Dans la synagogue le jour du sabbat

           TROISIÈME DIMANCHE ORDINAIRE (C)

 

Commencement de l'Évangile selon saint Luc 4, 14-21

 

 

Plusieurs ont entrepris de composer un récit des événements qui se sont accomplis parmi nous, tels que nous les ont transmis ceux qui, dès le début, furent les témoins oculaires et sont devenus les serviteurs de la Parole. C'est pourquoi j'ai décidé, moi aussi, après m'être informé soigneusement de tout depuis les origines, d'en écrire pour toi, cher Théophile, un exposé suivi, afin que tu te rendes bien compte de la solidité des enseignements que tu as reçus.
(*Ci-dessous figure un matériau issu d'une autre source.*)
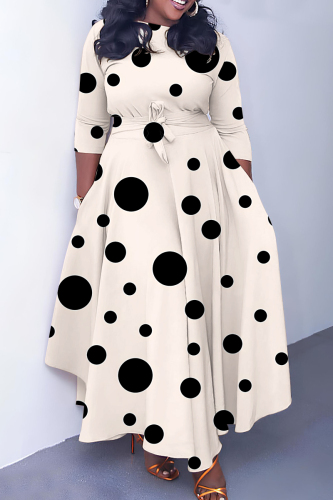 White Graphic Print O Neck 3/4 Sleeve Casual Daily Plus Size Pleated Maxi Dress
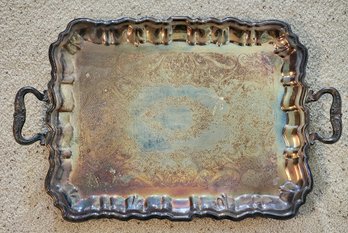 Large Silver Plated Serving Tray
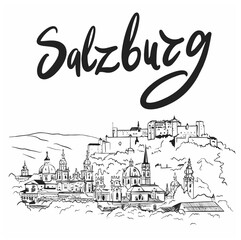 Salzburg Fortress sketch. Salzburg hand drawn illustration isolated on white background. Vector illustration eps10.Hand drawn illustration for cards, posters, stickers and professional design. - obrazy, fototapety, plakaty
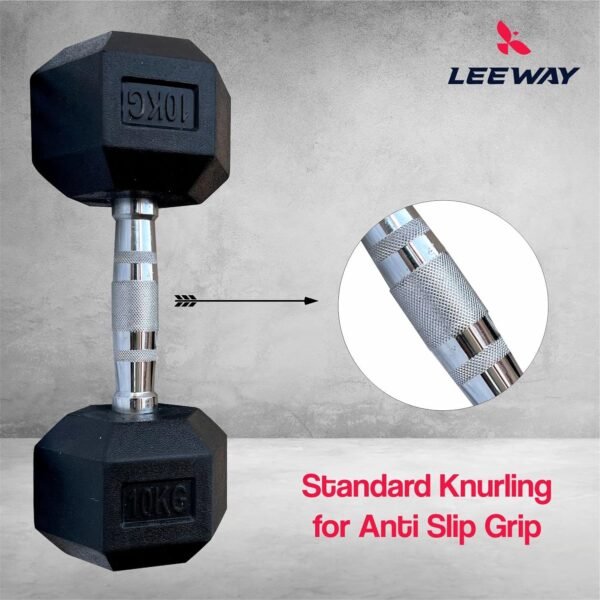LEEWAY Hex Dumbbells Weights Pack (2.5 kg*2)| Dumbbells set for home gym, Gym dumbbell set, Rubber Encased Hex Fixed Dumbbell Weight, Dumbells2.5kg pair for women, Dumbbell sets online Hexa, Rubber dumbbell set Home Gym Equipment (2.5Kg Pair) - Image 5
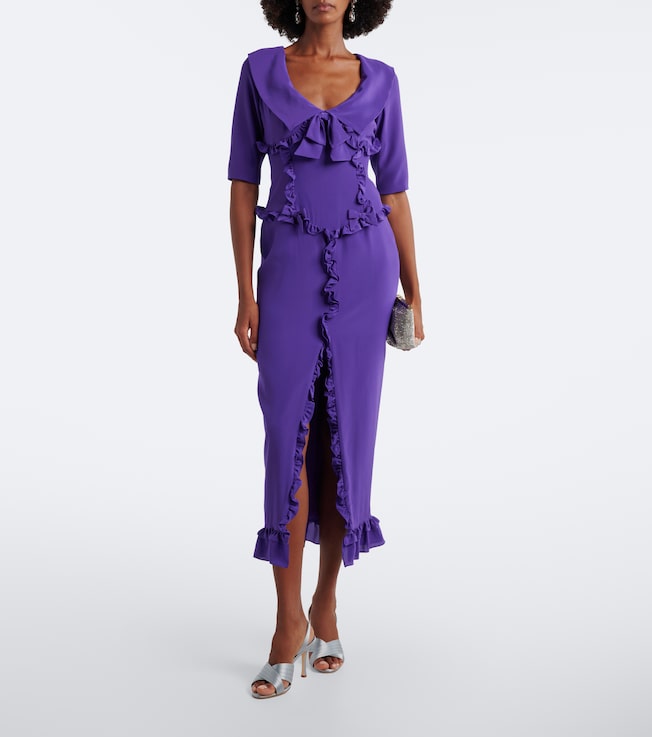 Alessandra Rich Ruffled silk crêpe de chine midi dress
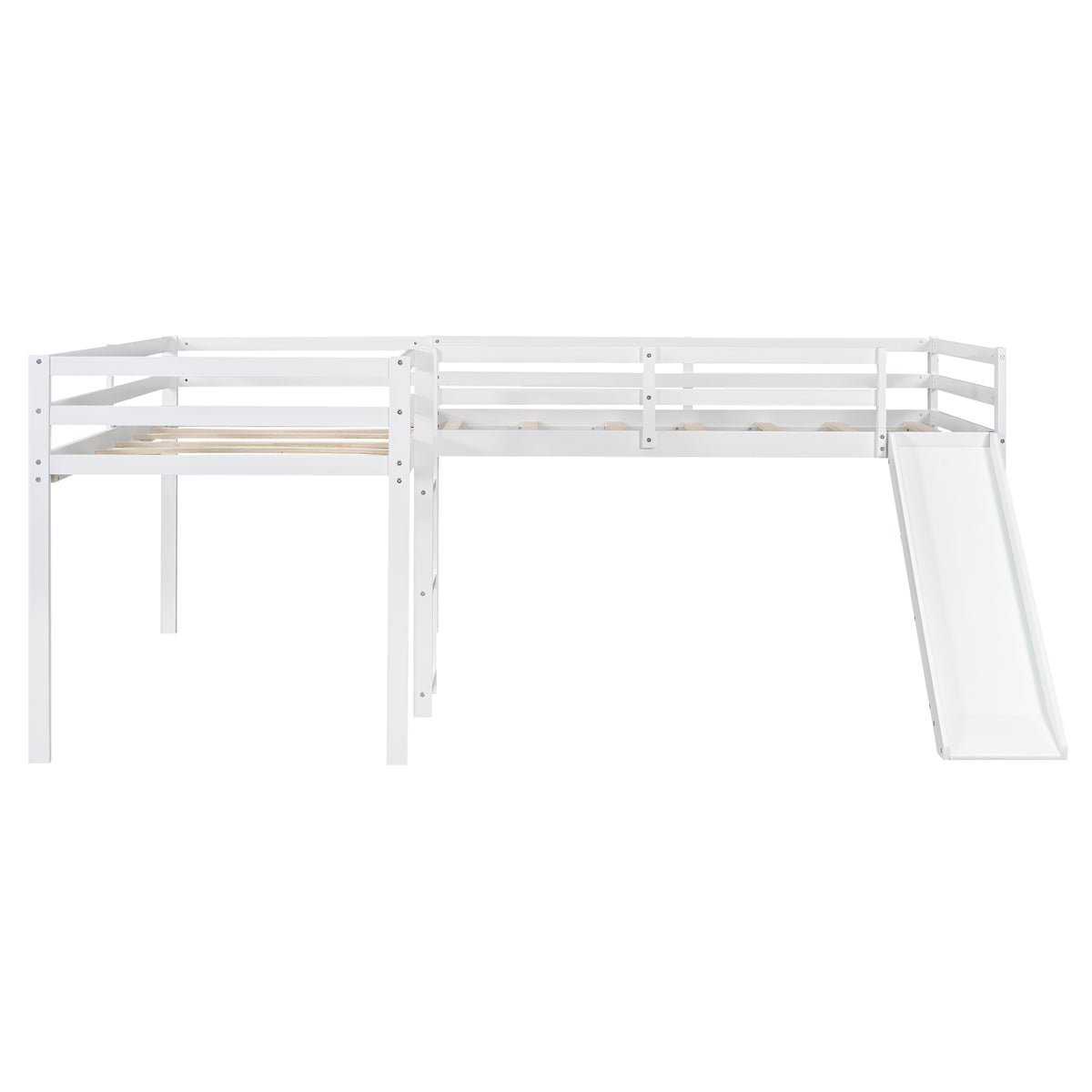 L-Shaped Twin Loft Bed with Slide White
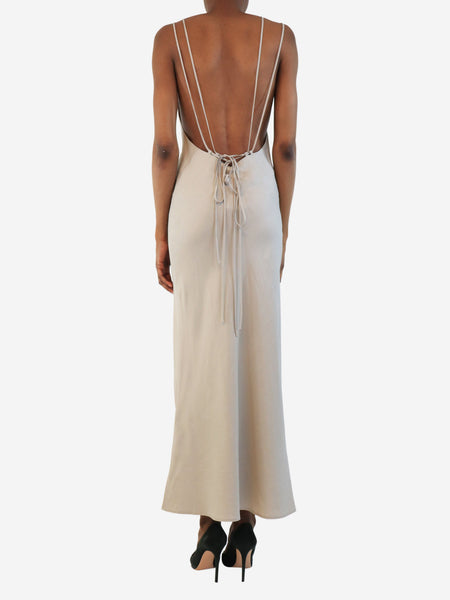 Grey slip midi dress - size UK 6 alternate image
Lorsque Jésus, avec la puissance de l'Esprit, revint en Galilée, sa renommée se répandit dans toute la région. Il enseignait dans les synagogues, et tout le monde faisait son éloge. Il vint à Nazareth, où il avait grandi. Comme il en avait l'habitude, il entra dans la synagogue le jour du sabbat, et il se leva pour faire la lecture. On lui présenta le livre du prophète Isaïe. Il ouvrit le livre et trouva le passage où il est écrit : " L'Esprit du Seigneur est sur moi parce que le Seigneur m'a consacré par l'onction. Il m'a envoyé porter la Bonne Nouvelle aux pauvres, annoncer aux prisonniers qu'ils sont libres et aux aveugles qu'ils verront la lumière, apporter aux opprimés la libération, annoncer une année de bienfaits accordée par le Seigneur. "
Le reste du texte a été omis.